Friday, 12 October 2012

Pointless Paths.

I stood on the lane this evening and looked at the sycamore tree that stands on the far side from my garden. The sun had set, but the western sky blazed on the horizon and cast an almost lurid glow on the yellowing leaves so that they appeared a rich shade of gold. It seemed like only yesterday that I had stood on the same spot in May, glorying in the fresh green growth. I felt that this year had passed from promising spring to the faded grandeur of autumn without an intervening period of life.

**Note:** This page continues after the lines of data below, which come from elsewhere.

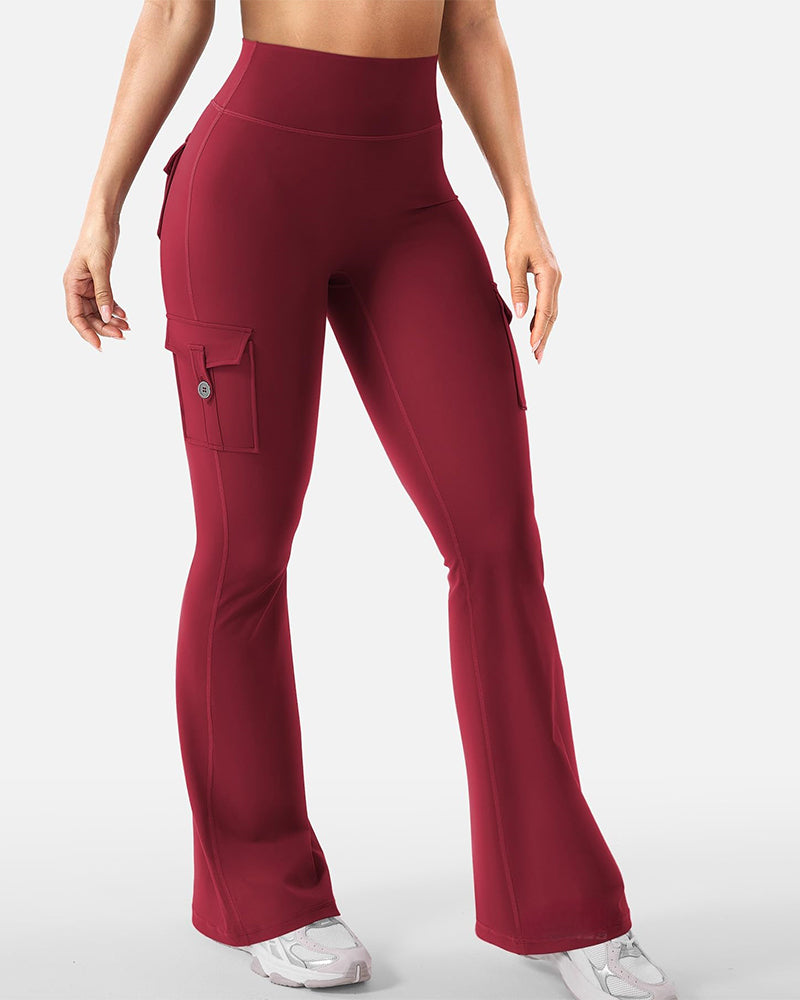 Hose Mode Yoga Ausgestellt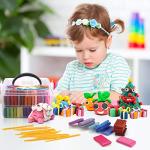 CiaraQ Polymer Clay Starter Kit with Tools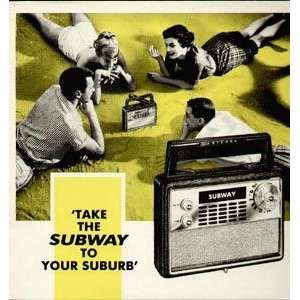    VARIOUS LP (VINYL) UK SUBWAY TAKE THE SUBWAY TO YOUR SUBURB Music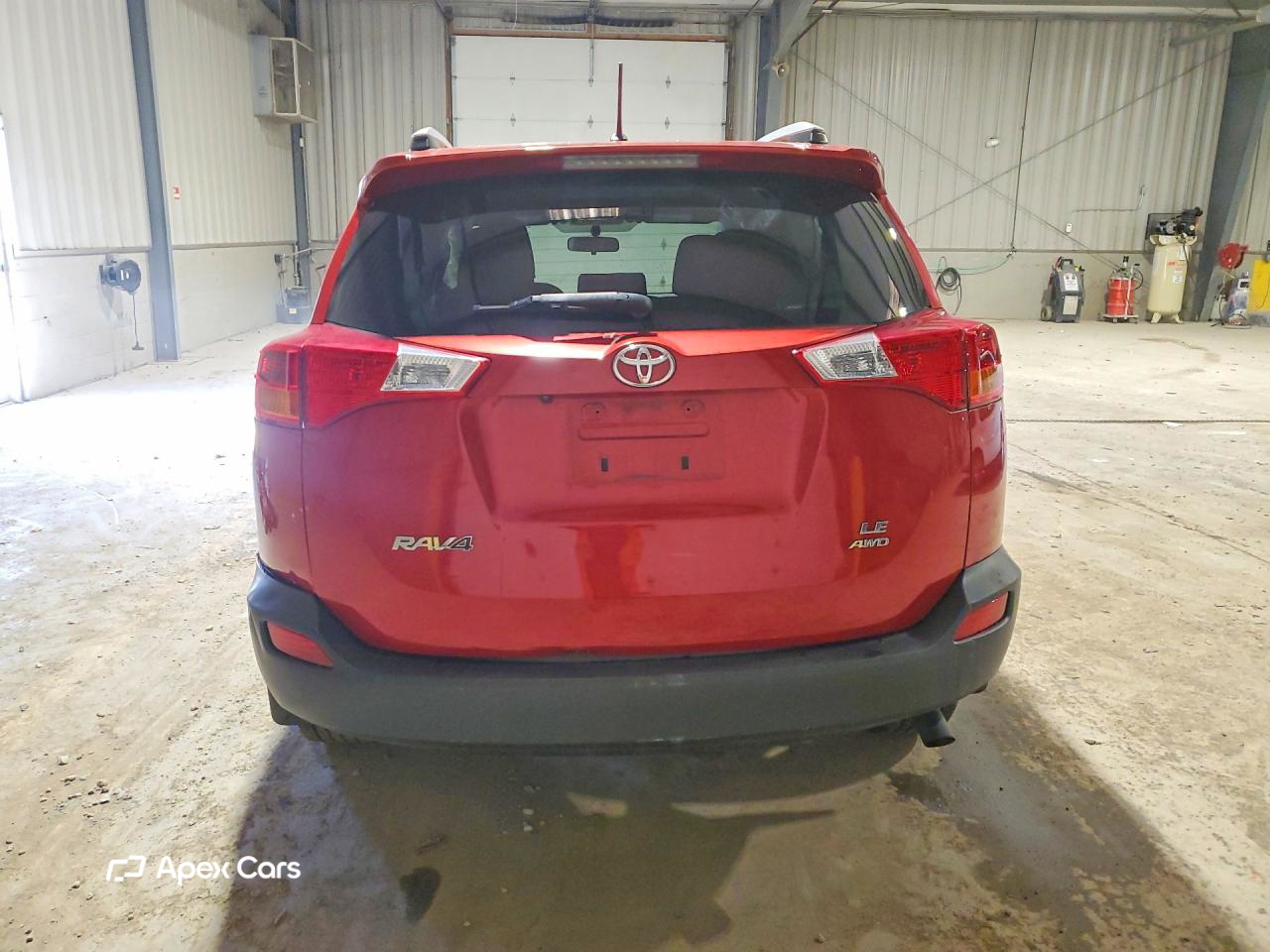 Toyota RAV 4 2014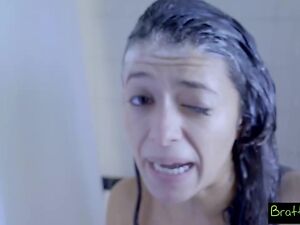 Bratty Sis - Pervy Stepsis Loves My April Fool’s Sex Games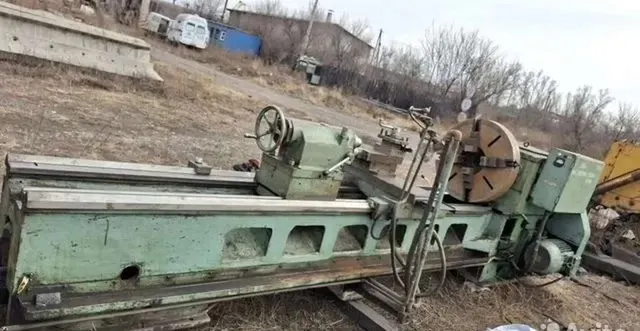 Токарно-винторезный станок 16К40 РМЦ 3000 мм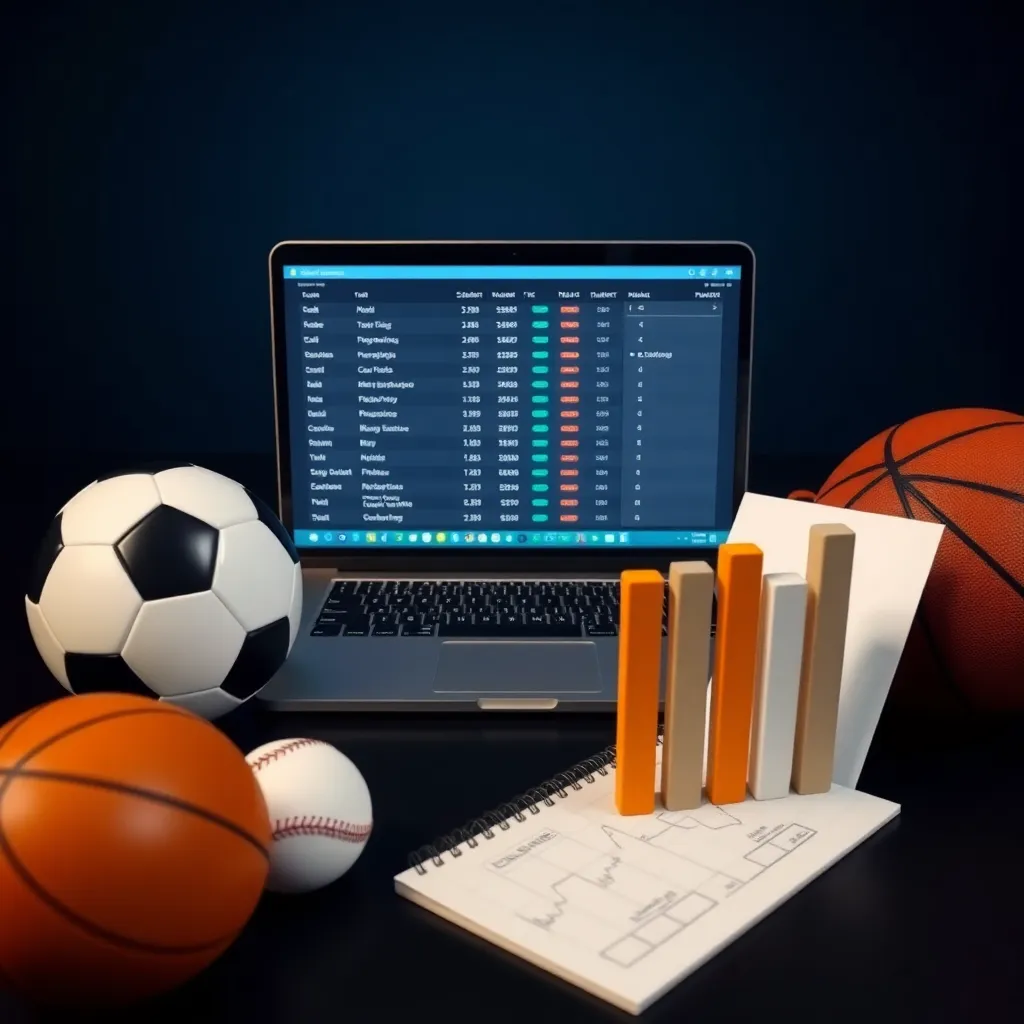 스포츠전략 마스터: 경험적 사례로 배우는 효과적 베팅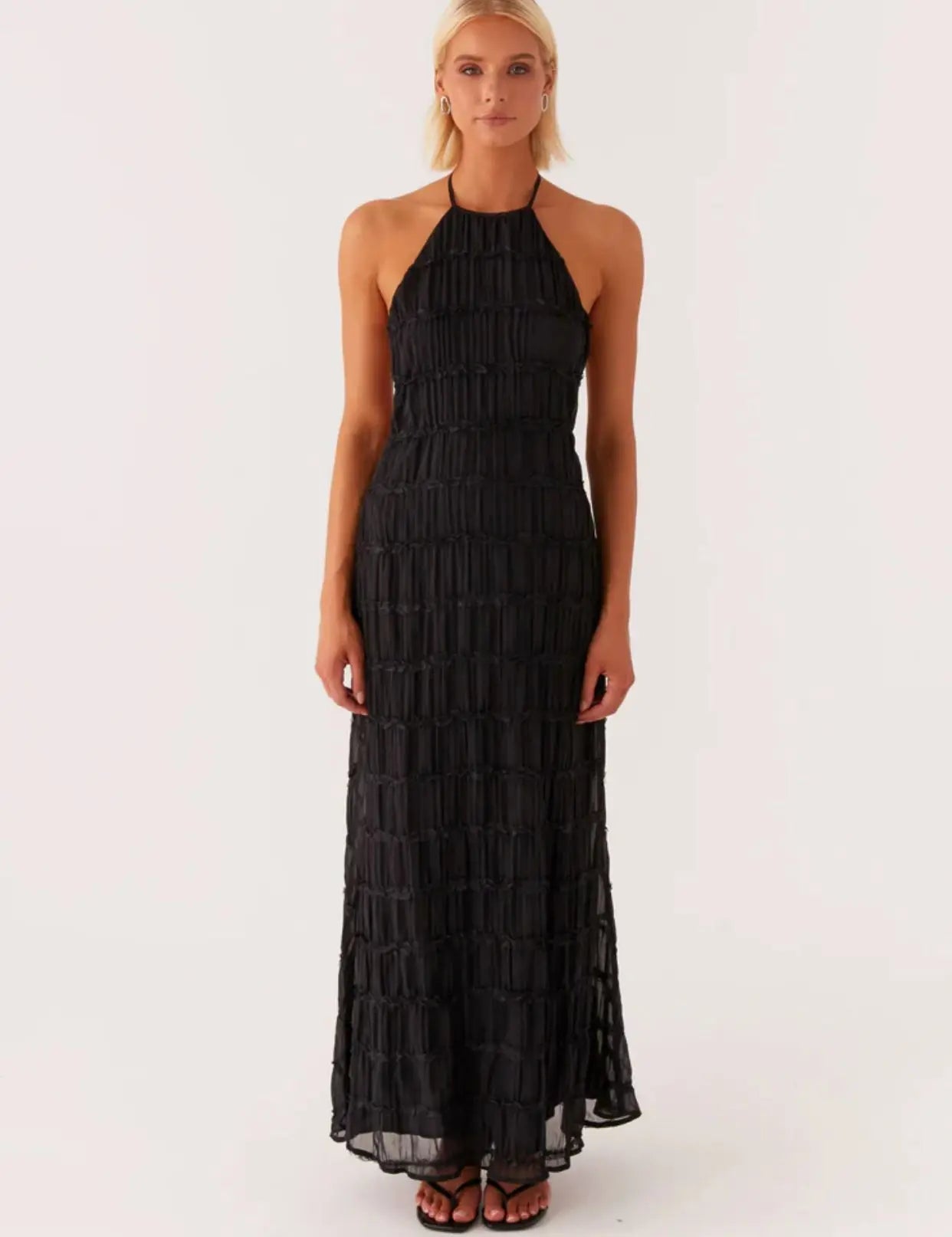 Sommerliches Maxikleid
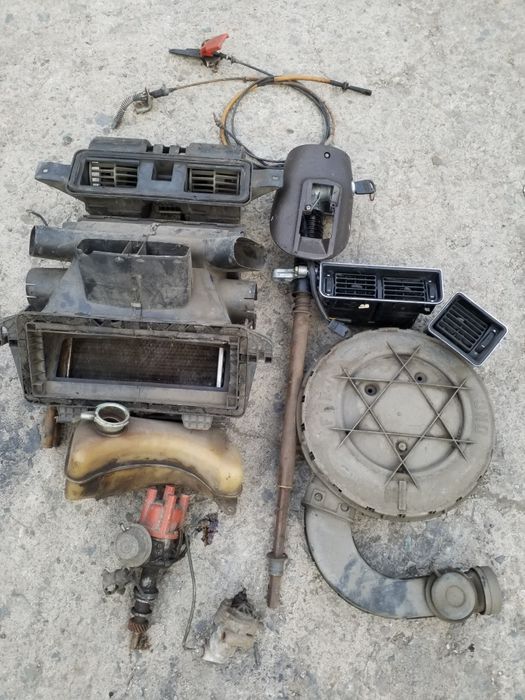 Запчасти Форд сьерра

I have hardly a memory of this summer. Never was a summer less memorable. The only prominent recollection is of sitting in the village hall talking to the lady from the valley, and waving goodbye to her when I left, and thinking I could see in her manufactured smile a look that said ‘I don’t really want to be here,’ and wondering whether it meant instead ‘I really don’t want to know you,’ and how can I tell, and does it matter?

And now that two autumns are coinciding and recollections of summers fading, I still wonder who I was, and who I am, and who she is, and who she will be when the wild wind blows my own ashes to the four corners of wherever they will be scattered. It’s an idle and pointless muse, of course, because as the man said:

The paths of glory lead but to the grave

And isn’t that ever the way with paths – never to lead anywhere? There is only the view to be had from them.